►

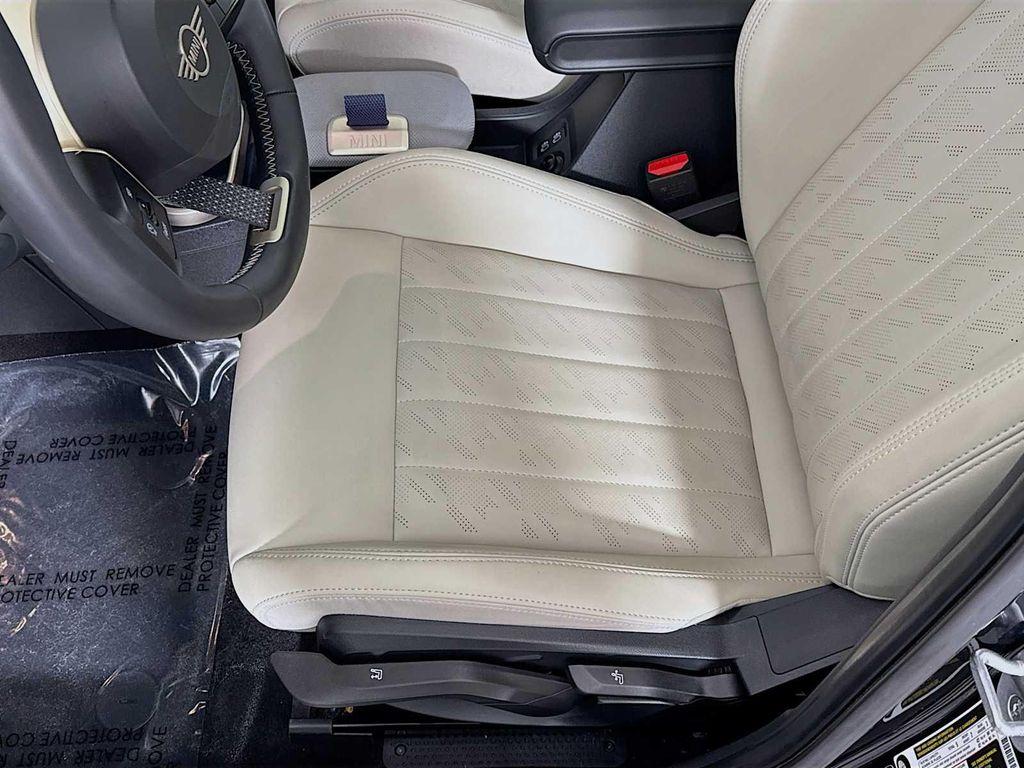 used 2025 MINI Hardtop car, priced at $31,798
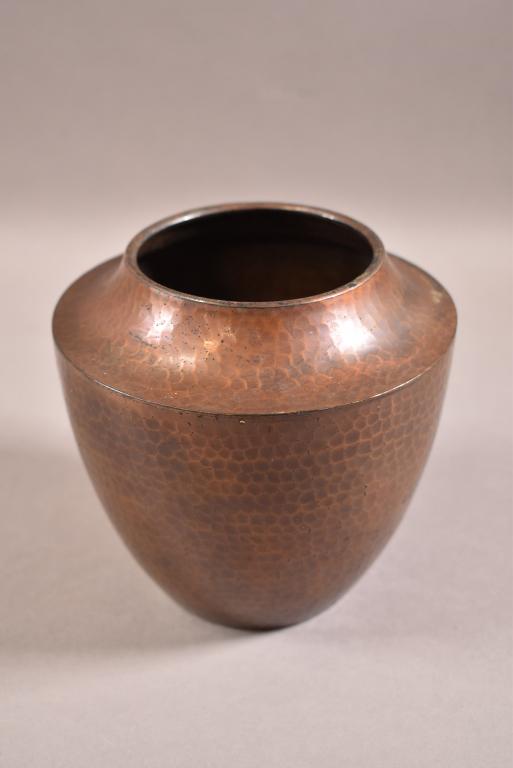 SIGNED ROYCROFT COPPER VASE (1 of 4)
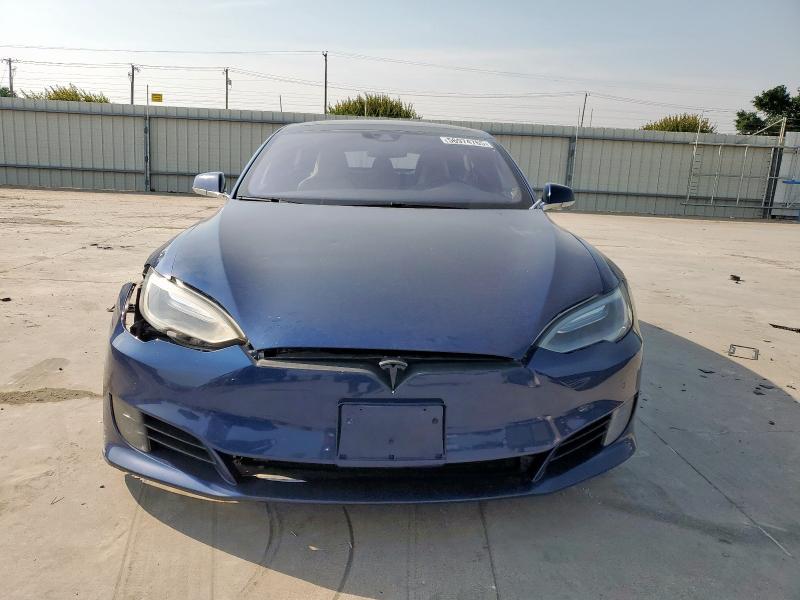 Hatchbacks TESLA MODEL S 2016 Granatowy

◄

**Work item**
Pictures are to be omitted from the copy, and only the lines from the one containing "SIGNED ROYCROFT COPPER VASE (1 of 4)" through the final line of the listing above are to be written out exactly.

**Task solution**
 SIGNED ROYCROFT COPPER VASE (1 of 4)
 Hatchbacks TESLA MODEL S 2016 Granatowy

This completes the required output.